The role of the education system has broadened and perhaps been restructured to apply to different eras of capitalist society. Developing ideologies around the purposes of the system towards young people have been brought forward by Marxists and highly critical perspectives by feminists have also appeared to challenge the system. Functionalists developed the concept of secondary socialisation viewing the education system as playing the role started by the family of integrating children into society and the future working world by setting rules and norms to follow in order to succeed in the educational system.
Sociologist Durkheim created the theory and Parson supported his theory applying it to 20th industrial society of the America where the educational system played a functional fit to the wider economy allowing each individual to benefit from education while polishing their employability skills. Davis and Moore further illustrated the influence of the system linking it to equal opportunity where ascribed status isn’t the determining factor of an individual’s achievement within the educational system.
Functionalists argue this has led to a more meritocratic society where role allocation is based on merit however this has come under attack in the 21st century where social class has been identified as perhaps the most influential factor in educational achievement of young people and contributing massively to constitutional racism. All the criticisms highlighted the educational system as a filter sieve where talent is selected and sorted out leading to roles been given according as part of the division of labour allowing society to function efficiently.
Marxists contrastingly signal out the system as another institution made to meet the demands of capitalism rather than prepare young people for their true roles in the future.
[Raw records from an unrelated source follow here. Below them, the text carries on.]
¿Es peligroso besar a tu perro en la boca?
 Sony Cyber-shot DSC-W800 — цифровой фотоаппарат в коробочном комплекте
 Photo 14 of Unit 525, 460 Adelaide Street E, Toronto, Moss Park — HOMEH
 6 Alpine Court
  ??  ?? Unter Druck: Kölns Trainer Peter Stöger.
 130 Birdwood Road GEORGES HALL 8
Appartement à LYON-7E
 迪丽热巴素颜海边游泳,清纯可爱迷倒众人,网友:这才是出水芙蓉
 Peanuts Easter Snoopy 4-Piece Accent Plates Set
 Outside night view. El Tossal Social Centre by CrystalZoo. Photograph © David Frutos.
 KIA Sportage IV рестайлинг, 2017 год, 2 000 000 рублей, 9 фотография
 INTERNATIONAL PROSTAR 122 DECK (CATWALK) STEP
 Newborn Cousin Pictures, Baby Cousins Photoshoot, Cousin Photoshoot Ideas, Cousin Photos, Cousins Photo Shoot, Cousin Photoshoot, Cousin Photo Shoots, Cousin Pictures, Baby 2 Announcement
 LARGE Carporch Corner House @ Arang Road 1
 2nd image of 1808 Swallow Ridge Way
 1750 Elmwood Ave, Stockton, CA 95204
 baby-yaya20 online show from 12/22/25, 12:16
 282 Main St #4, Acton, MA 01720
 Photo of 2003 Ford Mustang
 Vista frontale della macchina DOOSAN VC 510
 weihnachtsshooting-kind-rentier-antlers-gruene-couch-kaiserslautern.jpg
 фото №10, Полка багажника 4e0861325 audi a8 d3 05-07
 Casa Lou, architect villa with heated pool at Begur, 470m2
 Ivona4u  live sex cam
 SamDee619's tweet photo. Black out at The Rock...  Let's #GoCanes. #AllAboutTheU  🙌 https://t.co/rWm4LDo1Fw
Bowles and Gintis criticised the structure insisting the filtering of talent through streaming and setting in the educational system prevents a meritocracy as the working class and some ethnic minorities are left out of the talent pool of those selected due to internal factors.
In addition to this the sociologists challenge the ideology of the system referring to the hidden curriculum of the educational system which the lower classes are often unable to meet due to the cost of educational success. The idea of meritocracy has been prevented as the structural barriers within society and in turn only justified the existence of inequalities as part of society rather than rid them of affecting the educational system.
Bourdieu also questions the concept of equal opportunities stating success in the educational system demands the possession cultural capital something the middle class easily meet where as the working class habitus doesn’t include. The social values of education are more institutionalised in middle class children allowing them to play around the educational system more effectively than working class children who perhaps won’t have the role models and necessary advice to succeed in a growingly tough educational system.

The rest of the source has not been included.